Thank you, Vanilla. I know I should and will make an appointment soon. As I have said before, she has mentioned doing an uncontested divorce. I really do not think she wants to go to court over anything. Maybe its just my mindset. I am just having such a hard time over all of this. Yes, I am trying to so hard to be that lighthouse and keep calm, but at the same time on the inside I am just going crazy. I have tried detaching and distancing myself, but I just have such a hard time. Everytime I act in that manner, she always asks whats wrong.

As of now, our relationship is on break and we are just working on "getting comfortable with each other and our friendship." To my overactive mind, that seems to be telling me that in her own way she is trying to prepare me for the divorce.

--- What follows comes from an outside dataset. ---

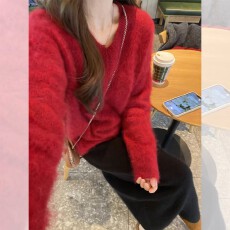 高级感红色浣熊绒V领毛衣女秋冬软糯奶fufu外穿慵懒套头针织上衣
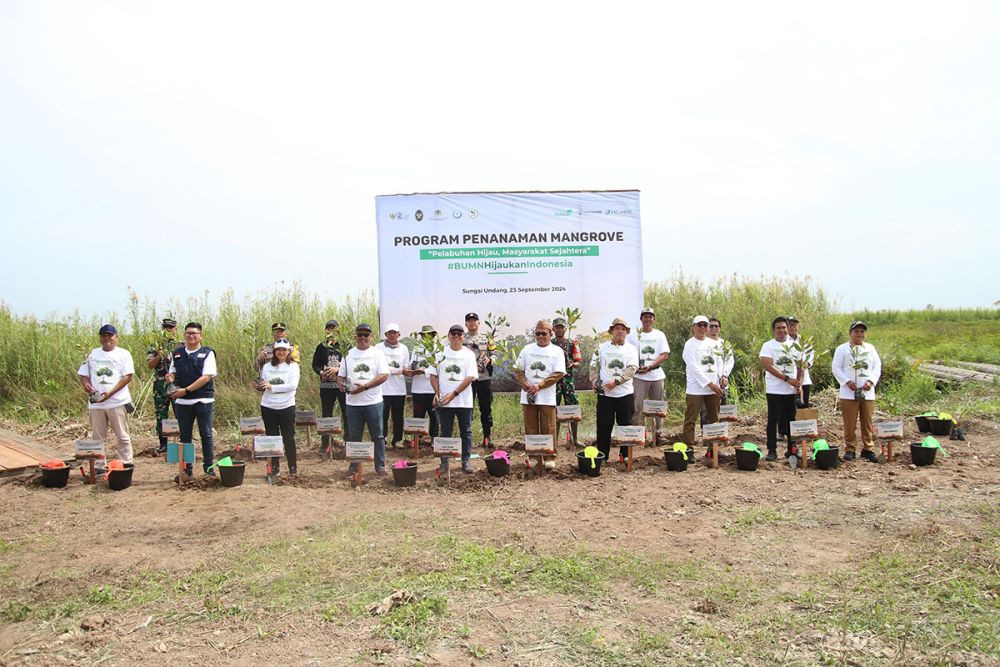 Sambut Hari Maritim Nasional, SPMT Grup Tanam 30 Ribu Bibit Mangrove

An interesting, but maybe meaningless, conversation came up this weekend. She had mentioned that her sister wants her to come visit again soon on her birthday so they can go to a show. I told her that the SIL (the one going through the D) sure is living it up now and is doing all this "going out" now that she is D to which the W really didn't say anything. And now, it seems like the wife is starting to want to do the same with her. Remember, I told you that these two were very, very tight due to their childhood. The W mentioned going up to see her and asked if it was ok - I almost told her this: "If it were me on my birthday, I would want to spend it with my children. Especially seeing as to how I would be leaving in less than two months to go to my new base." Maybe I should have. Thoughts? I guess her priorities are out of line. I mean, she claims to love them so much but would rather do that instead of spending that time with them?

The W continues to live in the house but sleeps on the couch. The kids are asking all kinds of questions as to why. I have never told the W what they ask because I don't want her to have one of her attacks. Maybe I should? Maybe she should see the truth or should I just let it be?


There are moments in this life when you are so confident in the rightness of your actions, that not even for a second do you consider the option that you might be wrong.